É uma proposta de confronto com a maioria no Conselho e de conflito institucional com o Parlamento Europeu. Em suma, tudo o que a UE não precisava. Deve, por isso, ser claramente rejeitada.
— António Costa (@antoniocostapm) December 2, 2019
O Presidente da República, Marcelo Rebelo de Sousa, no dia seguinte (3 de dezembro) veio apoiar a posição do primeiro-ministro: “O que disse o primeiro-ministro é o que pensa o Presidente . Aquela proposta é inaceitável. É inaceitável na ótica de Portugal, pois defendemos exatamente o oposto daquilo: o reforço da capacidade orçamental da Europa”.

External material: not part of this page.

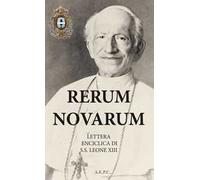 Rerum novarum. Lettera Enciclica di S.S. Leone VIII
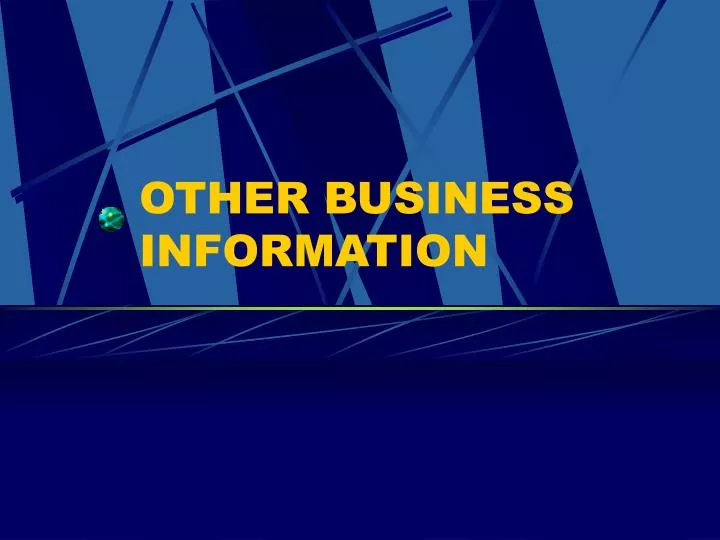 other business information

Eurodeputados do PSD e do PS “unidos” contra proposta finlandesa
Dois dos quatro relatores da equipa negocial do Parlamento Europeu para o próximo quadro europeu são portugueses: José Manuel Fernandes, pelo Partido Popular Europeu (PPE), e Margarida Marques, pelos Socialistas & Democratas (S&D). Ambos estão frontalmente contra a proposta finlandesa.
Em declarações ao Observador, a eurodeputada socialista e relatora do grupo dos S&D no Parlamento Europeu para o Quadro Financeiro Plurianual (QFP) 2021-2027, Margarida Marques, concorda que a proposta finlandesa está “completamente aquém do que é a ambição do Parlamento Europeu” e, portanto, “manifestamente insuficiente“.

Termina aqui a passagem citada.